- Work order
Return each record word for word, keeping none of its pictures.

━━ Provided records ━━

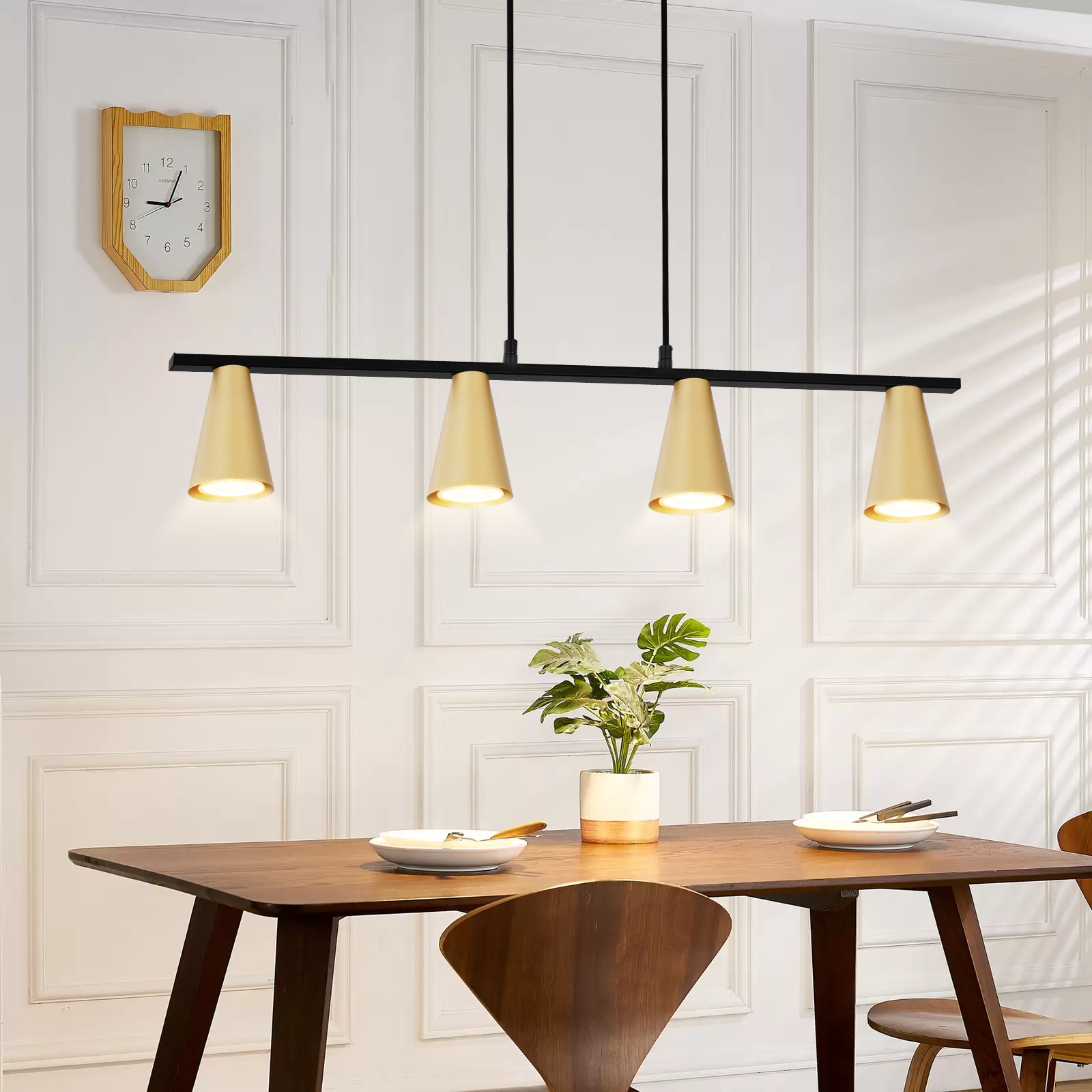 Nettlife Candeeiro Suspenso Para Mesa De Jantar Pendente Dourado: Moderno Gu10 4 Chamas Metálicas Em Preto Industrial, Para Uso Diário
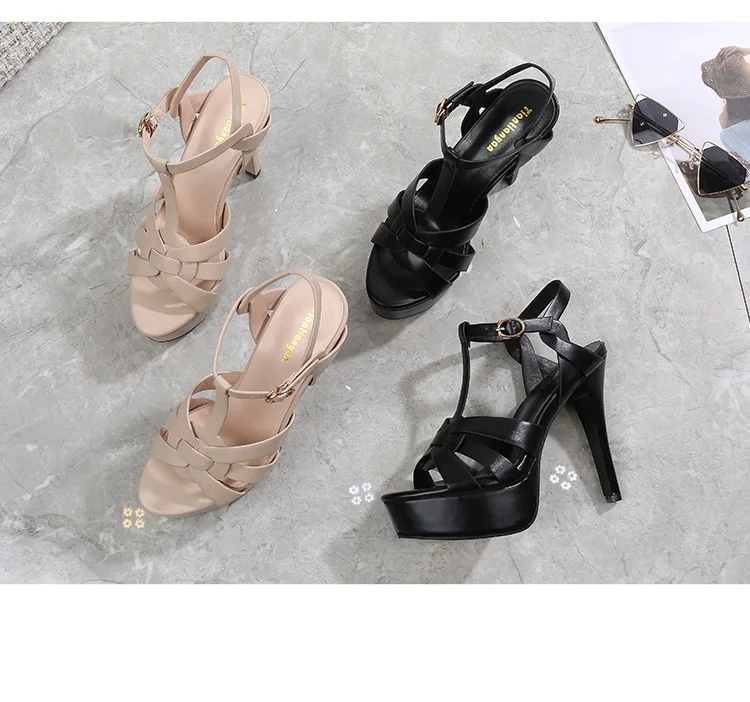 Модные женские туфли-лодочки Босоножки на платформе с открытым носком на высоком каблуке 11,5 см Женская обувь для вечеринок OULYYYOGO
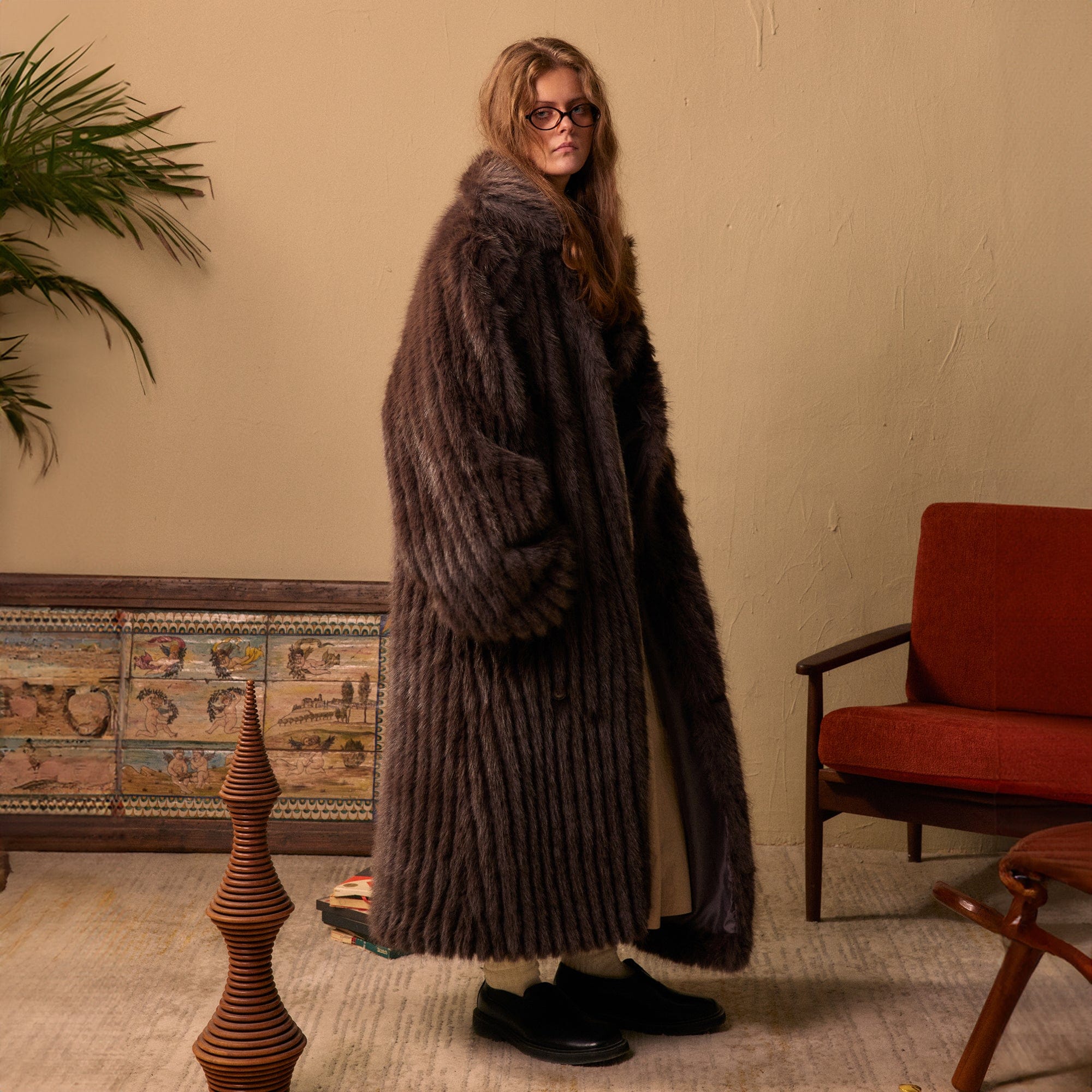 KADAKADA Plush Faux Fur Long Coat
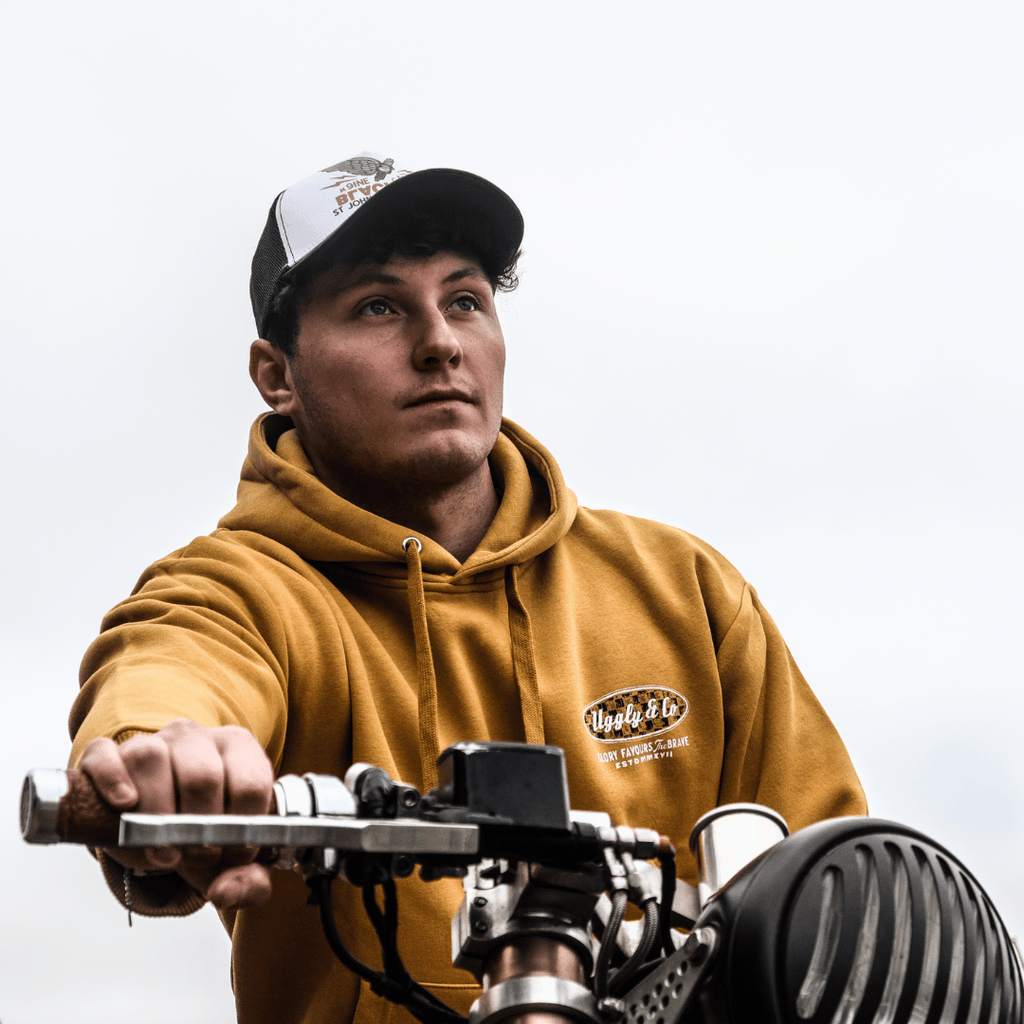 Uggly and Co Black Dub Garage Trucker Hat – Isle of Man Spark-Plug Cap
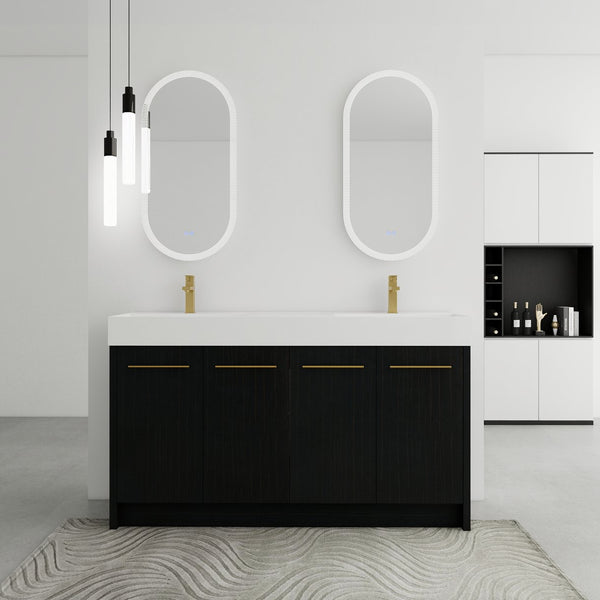 English Elm 60 Inch Freestanding Bathroom Vanity With Resin Double Sink & Soft-Close Doors For Modern Spaces W999S00181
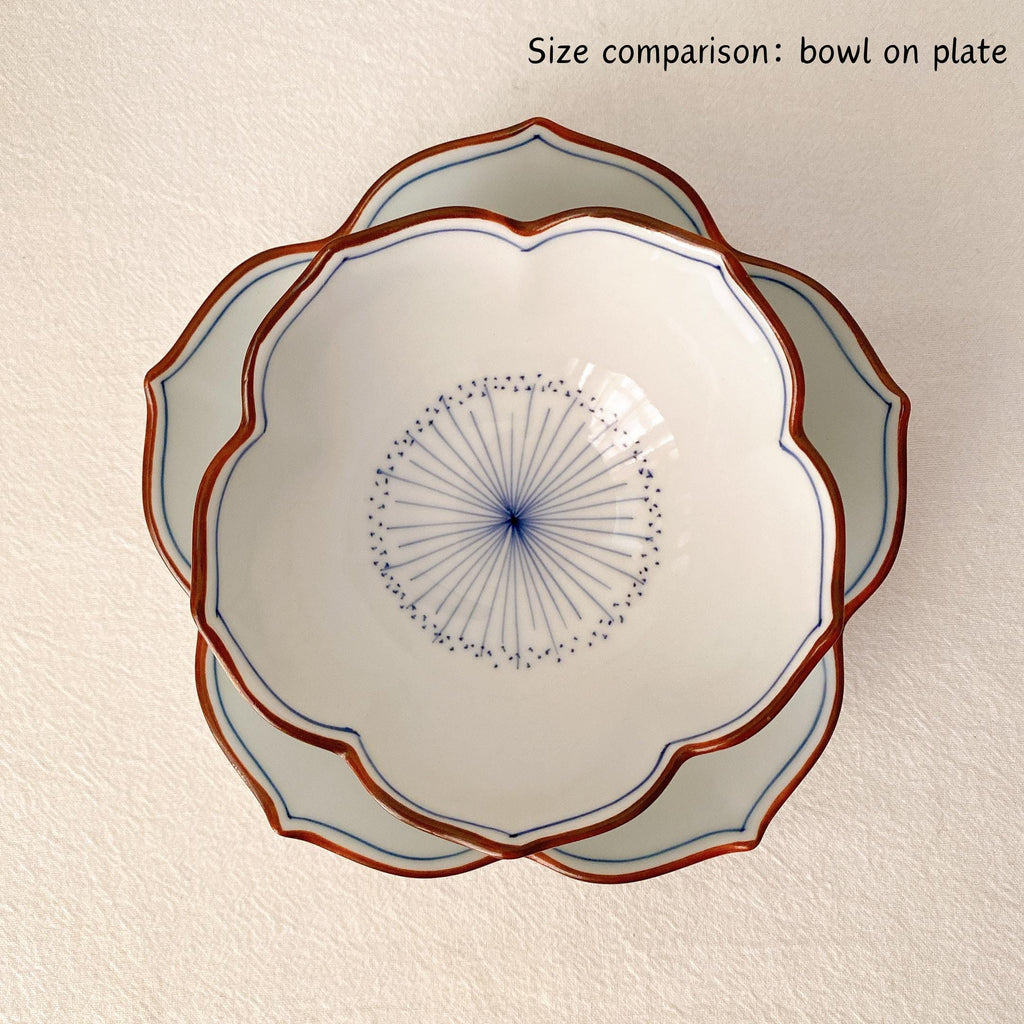 Hand Painted Hasami Ware Bellflower Plate & Bowl | Koringama | Japanese Porcelain Tableware | Handmade In Japan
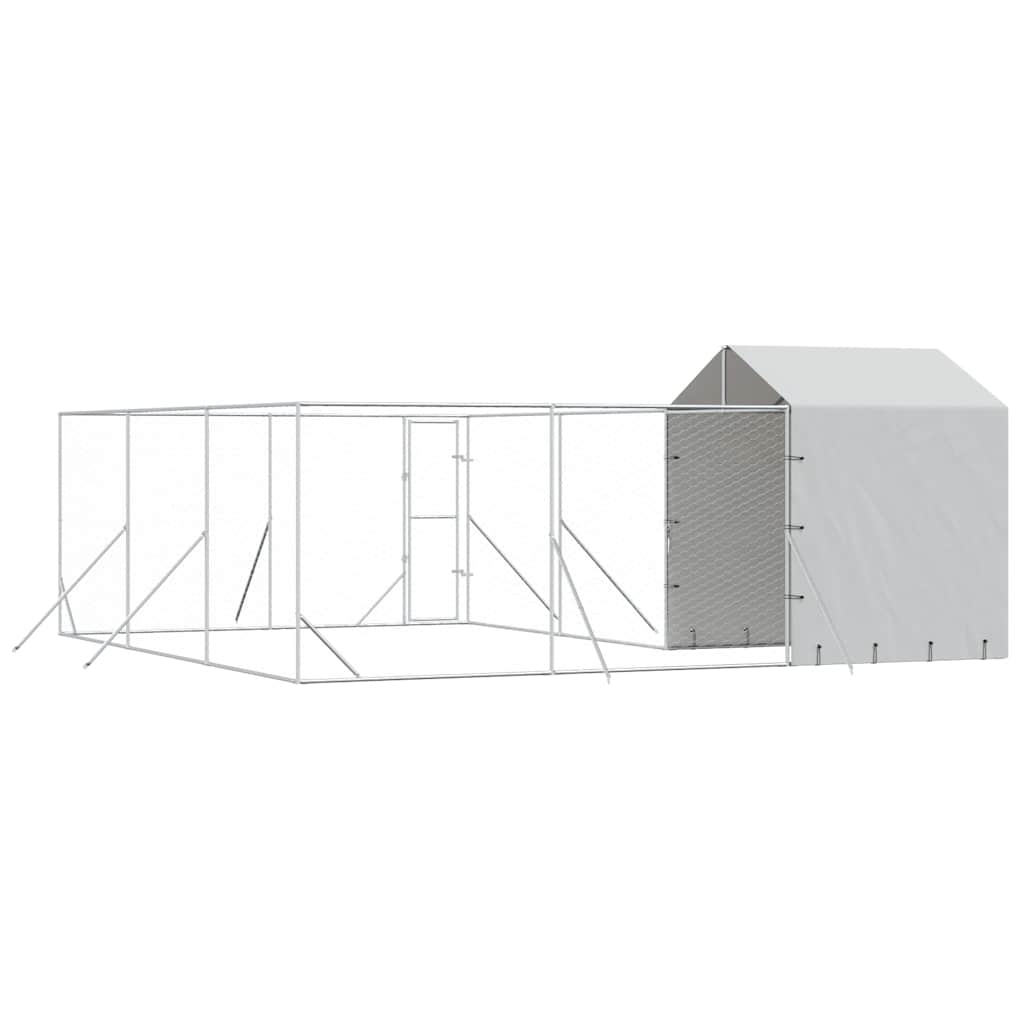 Outdoor-Hundezwinger mit Dach Silbern 6x6x2,5m Verzinkter Stahl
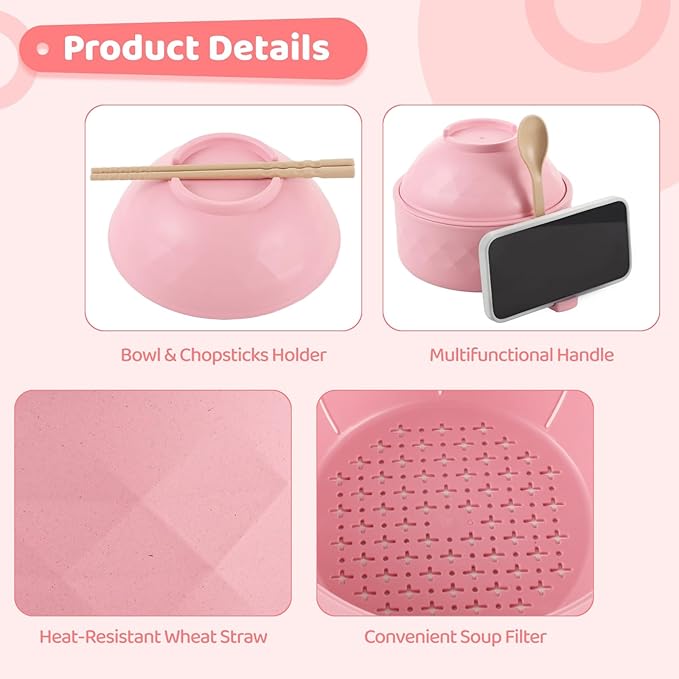 4-Piece Microwave Noodle Cooker Set with Lid Handle and 1200 Ml Bowl 4 Color Options Chopsticks Fork Spoon for Home and Travel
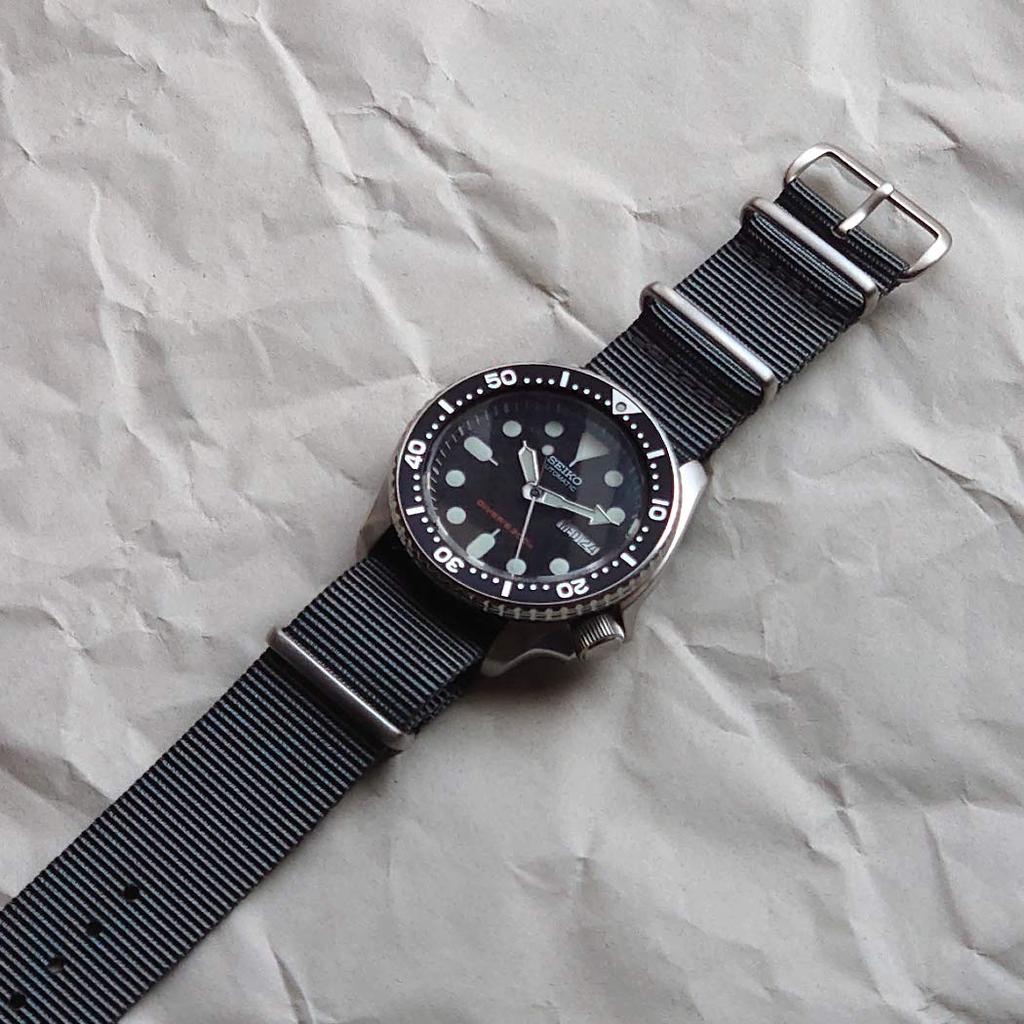 20mm NATO G10 Ballistic Nylon Watch Military Dark [time+] Strap, Band, Gray/Brushed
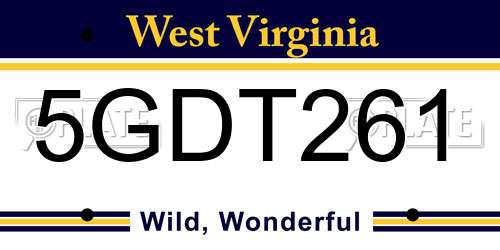 5GDT261 West Virginia License Plate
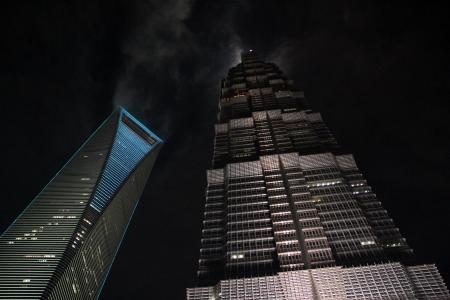 摩天大楼, 上海, 君悦, 上海环球金融中心, 建筑, 建筑外观, 晚上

━━━

- Task response
 Nettlife Candeeiro Suspenso Para Mesa De Jantar Pendente Dourado: Moderno Gu10 4 Chamas Metálicas Em Preto Industrial, Para Uso Diário
 Модные женские туфли-лодочки Босоножки на платформе с открытым носком на высоком каблуке 11,5 см Женская обувь для вечеринок OULYYYOGO
 KADAKADA Plush Faux Fur Long Coat
 Uggly and Co Black Dub Garage Trucker Hat – Isle of Man Spark-Plug Cap
 English Elm 60 Inch Freestanding Bathroom Vanity With Resin Double Sink & Soft-Close Doors For Modern Spaces W999S00181
 Hand Painted Hasami Ware Bellflower Plate & Bowl | Koringama | Japanese Porcelain Tableware | Handmade In Japan
 Outdoor-Hundezwinger mit Dach Silbern 6x6x2,5m Verzinkter Stahl
 4-Piece Microwave Noodle Cooker Set with Lid Handle and 1200 Ml Bowl 4 Color Options Chopsticks Fork Spoon for Home and Travel
 20mm NATO G10 Ballistic Nylon Watch Military Dark [time+] Strap, Band, Gray/Brushed
 5GDT261 West Virginia License Plate
 摩天大楼, 上海, 君悦, 上海环球金融中心, 建筑, 建筑外观, 晚上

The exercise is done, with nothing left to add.